Your task =
Since only the words are wanted, reproduce every entry exactly and leave the images behind.

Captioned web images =
□ □ □ □ □
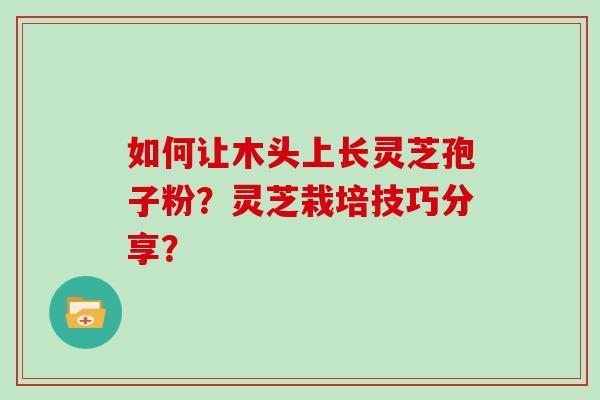 如何让木头上长灵芝孢子粉？灵芝栽培技巧分享？
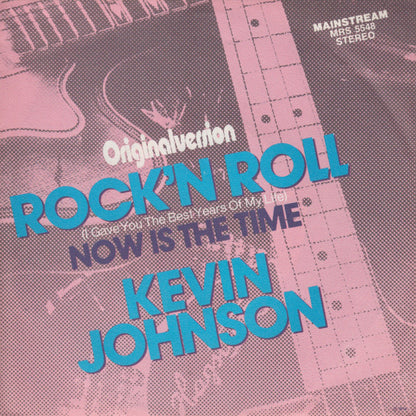 Kevin Johnson (5) : Rock 'N Roll (I Gave You The Best Years Of My Life) (7", Single)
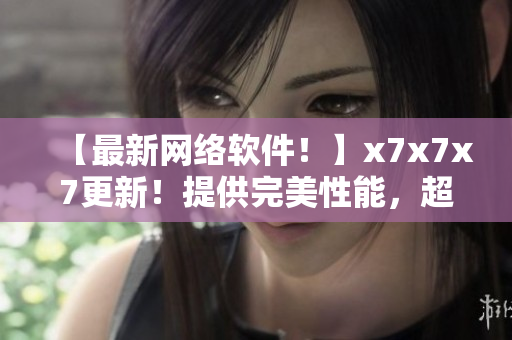 【最新網(wǎng)絡(luò)軟件！】x7x7x7更新！提供完美性能，超快速度！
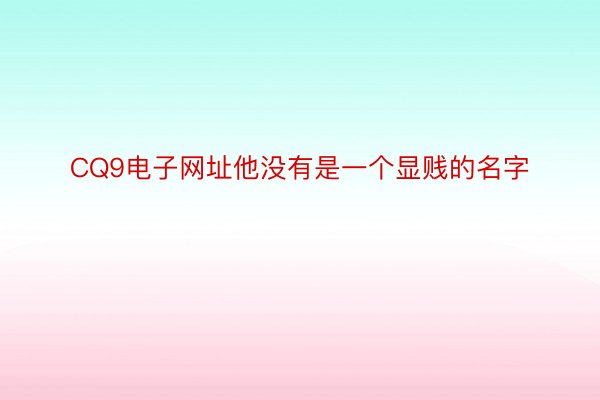 CQ9电子网址他没有是一个显贱的名字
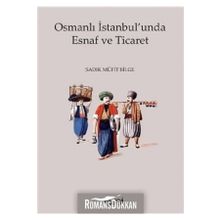 Osmanlı İstanbul unda Esnaf ve Ticaret - Sadık Müfit Bilge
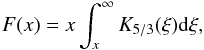 \begin{eqnarray} F(x)=x\int_{x}^{\infty}K_{5/3}(\xi)\ud\xi, \end{eqnarray}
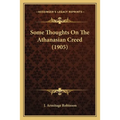 Some Thoughts On The Athanasian Creed (1905)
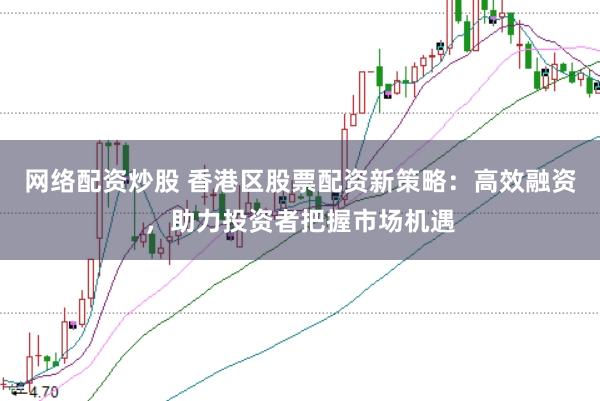 网络配资炒股 香港区股票配资新策略：高效融资，助力投资者把握市场机遇
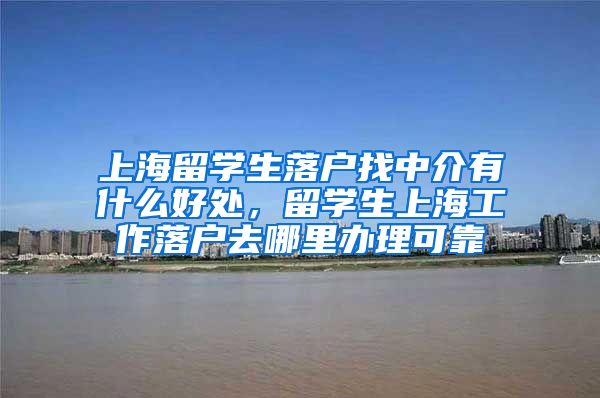 上海留学生落户找中介有什么好处，留学生上海工作落户去哪里办理可靠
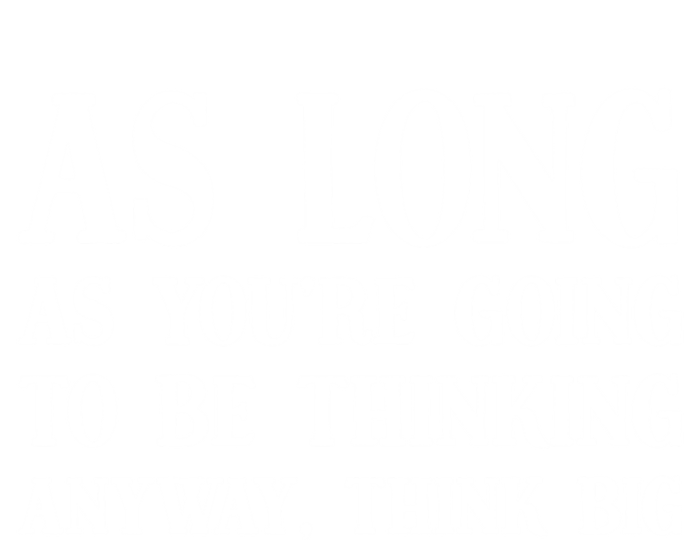 As Long As Youre Going To Be Thinking Think Big Meaningful Gift T-Shirt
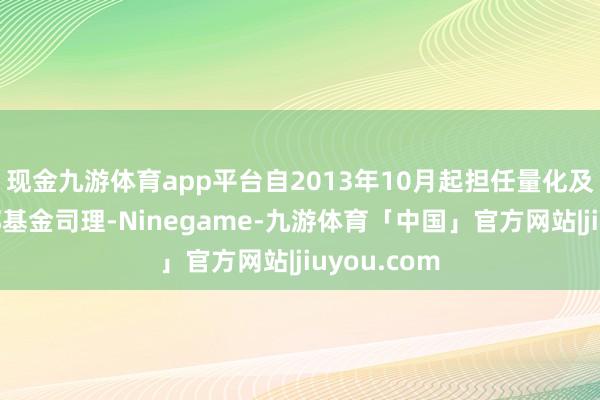 现金九游体育app平台自2013年10月起担任量化及指数投资部基金司理-Ninegame-九游体育「中国」官方网站|jiuyou.com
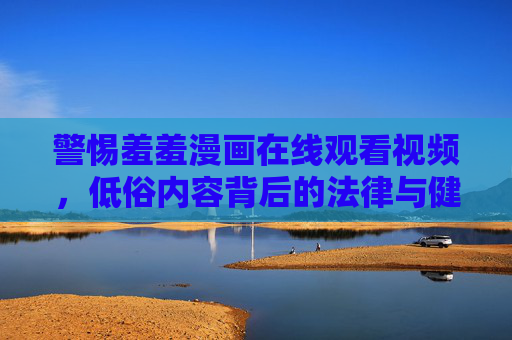 警惕羞羞漫画在线观看视频,低俗内容背后的法律与健康风险,警惕羞羞漫画在线观看,低俗内容背后的法律与健康风险 警惕羞羞漫画在线观看视频,低俗内容背后的法律与健康风险,警惕羞羞漫画在线观看,低俗内容背后的法律与健康风险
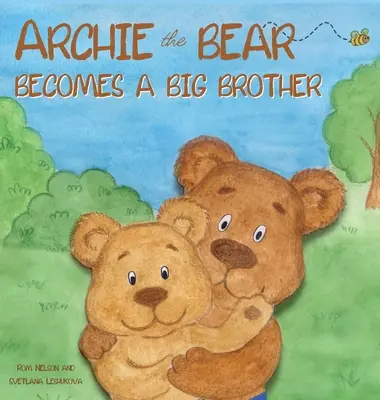 Archie, der Bär, wird ein großer Bruder: Das perfekte illustrierte Geschichtenbuch über das Werden eines großen Bruders für Kinder - Archie the Bear Becomes a Big Brother: The Perfect Illustrated Story Book About Becoming a Big Brother For Kids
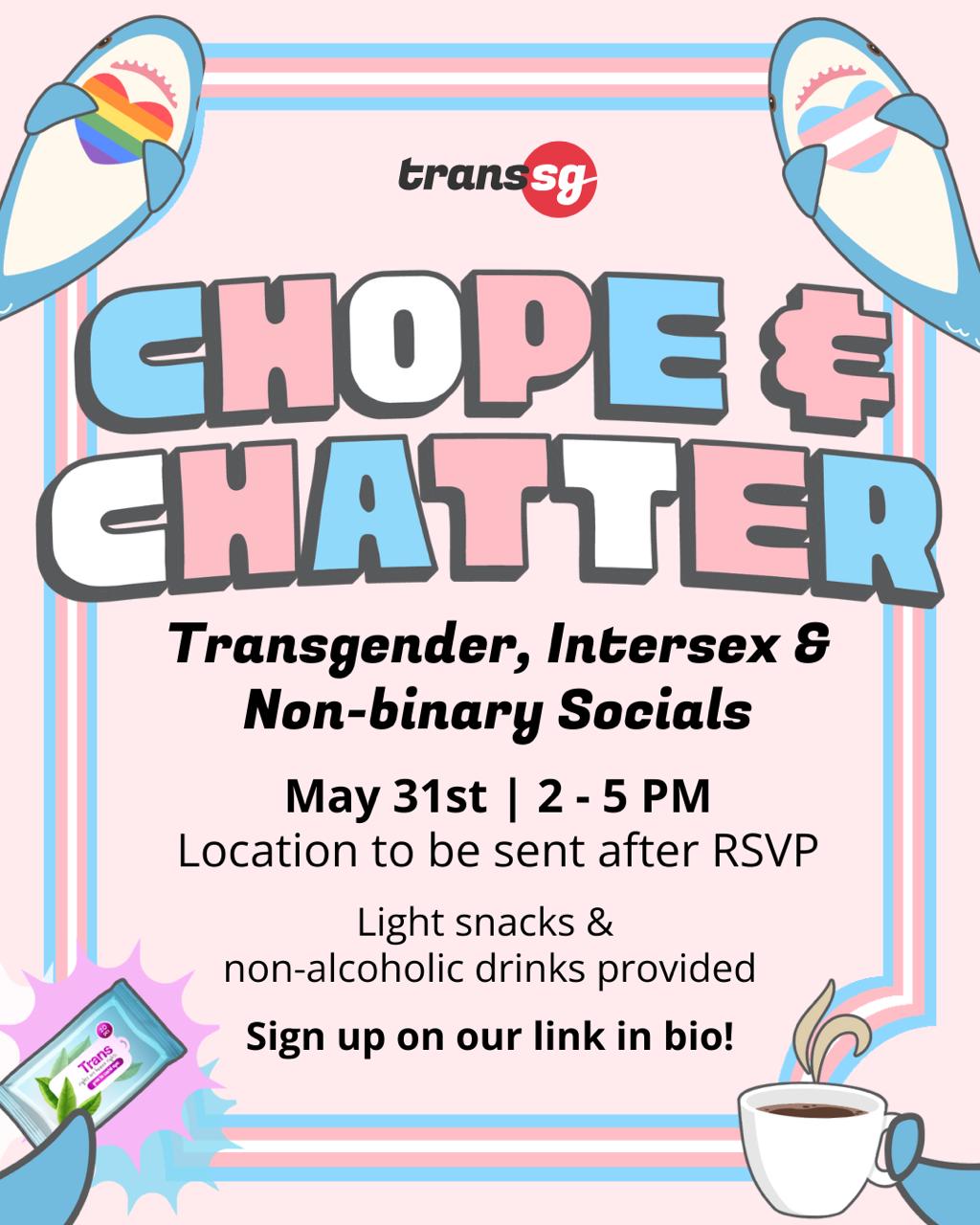 This poster reads: Chope & Chatter: Transgender, Intersex & Non-binary Socials. May 31st | 2 - 5PM. Location to be sent after RSVP. Light snacks & non-alcoholic drinks provided. Sign up on our link in bio!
□ □ □ □ □
Reply =
 如何让木头上长灵芝孢子粉？灵芝栽培技巧分享？
 Kevin Johnson (5) : Rock 'N Roll (I Gave You The Best Years Of My Life) (7", Single)
 【最新網(wǎng)絡(luò)軟件！】x7x7x7更新！提供完美性能，超快速度！
 CQ9电子网址他没有是一个显贱的名字
 Osmanlı İstanbul unda Esnaf ve Ticaret - Sadık Müfit Bilge
 \begin{eqnarray} F(x)=x\int_{x}^{\infty}K_{5/3}(\xi)\ud\xi, \end{eqnarray}
 Some Thoughts On The Athanasian Creed (1905)
 网络配资炒股 香港区股票配资新策略：高效融资，助力投资者把握市场机遇
 上海留学生落户找中介有什么好处，留学生上海工作落户去哪里办理可靠
 As Long As Youre Going To Be Thinking Think Big Meaningful Gift T-Shirt
 现金九游体育app平台自2013年10月起担任量化及指数投资部基金司理-Ninegame-九游体育「中国」官方网站|jiuyou.com
 警惕羞羞漫画在线观看视频,低俗内容背后的法律与健康风险,警惕羞羞漫画在线观看,低俗内容背后的法律与健康风险 警惕羞羞漫画在线观看视频,低俗内容背后的法律与健康风险,警惕羞羞漫画在线观看,低俗内容背后的法律与健康风险
 Archie, der Bär, wird ein großer Bruder: Das perfekte illustrierte Geschichtenbuch über das Werden eines großen Bruders für Kinder - Archie the Bear Becomes a Big Brother: The Perfect Illustrated Story Book About Becoming a Big Brother For Kids
 This poster reads: Chope & Chatter: Transgender, Intersex & Non-binary Socials. May 31st | 2 - 5PM. Location to be sent after RSVP. Light snacks & non-alcoholic drinks provided. Sign up on our link in bio!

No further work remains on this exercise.